EXERCISE DESCRIPTION
Repeat exactly the lines below, from the line containing "Liverpool FC PLAYERS" through the last line, both included. Leave out any pictures.

SOURCE DATA
========================================

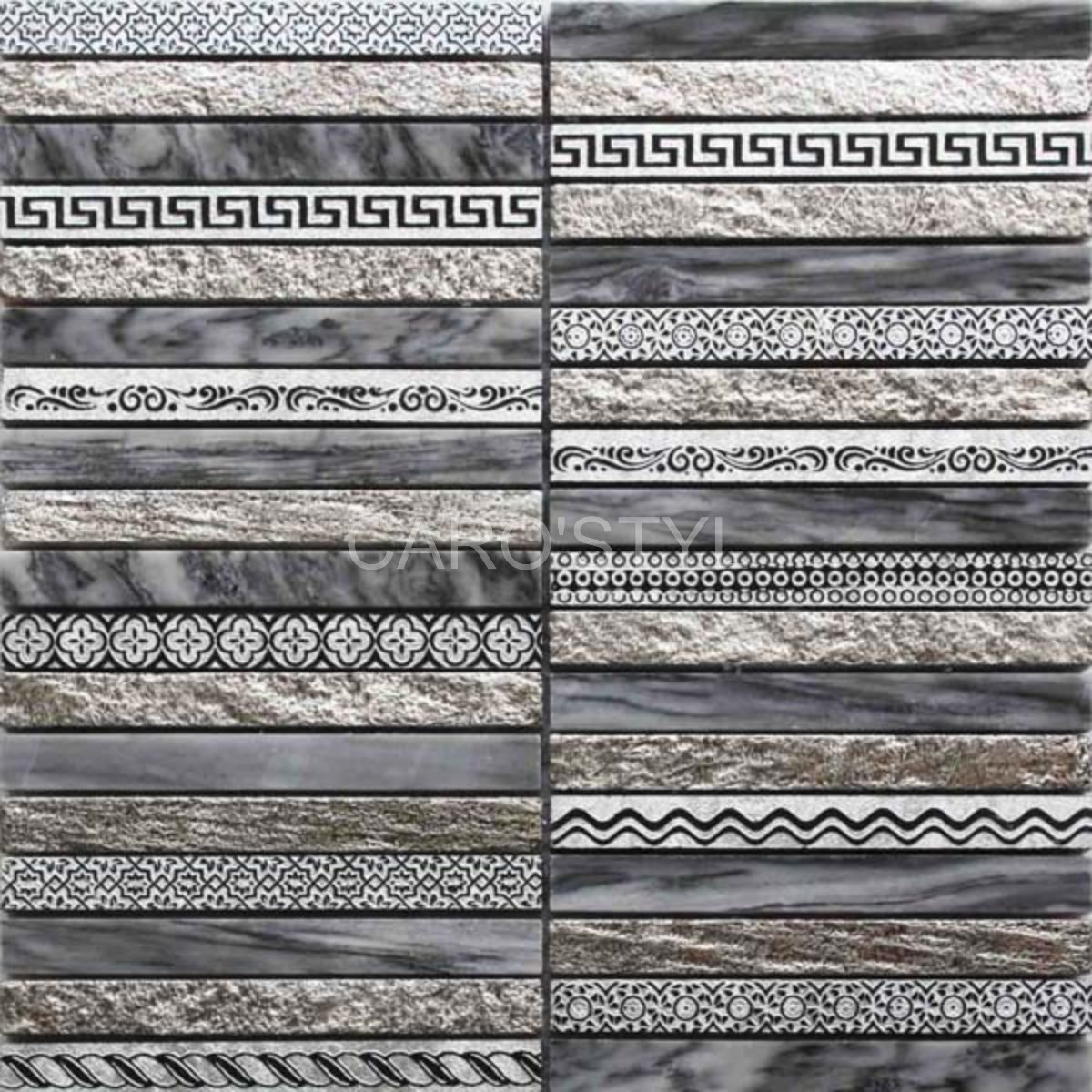 mosaique de marbre gris et feuilles d'argent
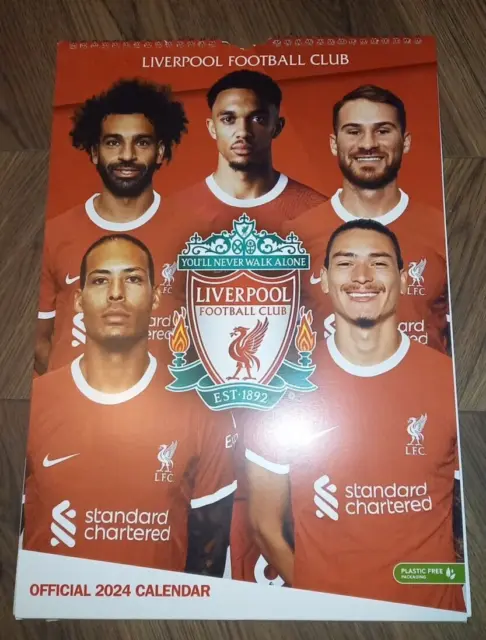 Liverpool FC PLAYERS IN HOME SHIRT A3 Calendar 2024 - Month To View (Brand New)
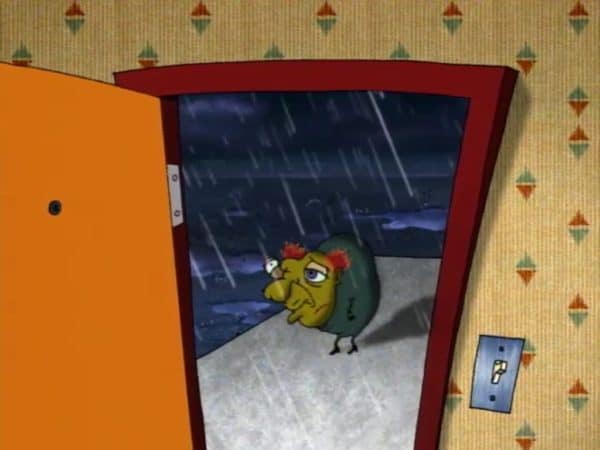 Here we see the Hunchback on the other side of a door.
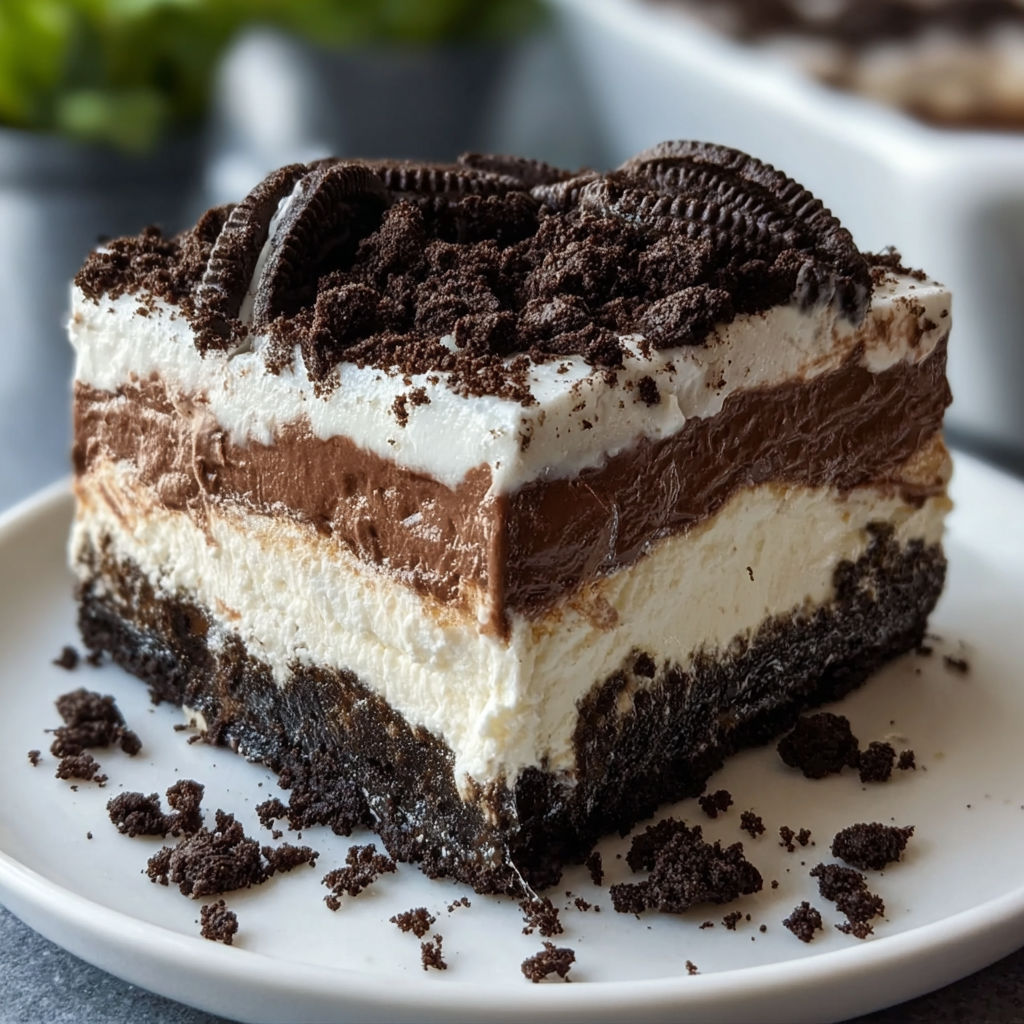 A slice of Oreo Lasagna, a delicious dessert made with layers of cookies and cream.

========================================

EXERCISE SOLUTION
 Liverpool FC PLAYERS IN HOME SHIRT A3 Calendar 2024 - Month To View (Brand New)
 Here we see the Hunchback on the other side of a door.
 A slice of Oreo Lasagna, a delicious dessert made with layers of cookies and cream.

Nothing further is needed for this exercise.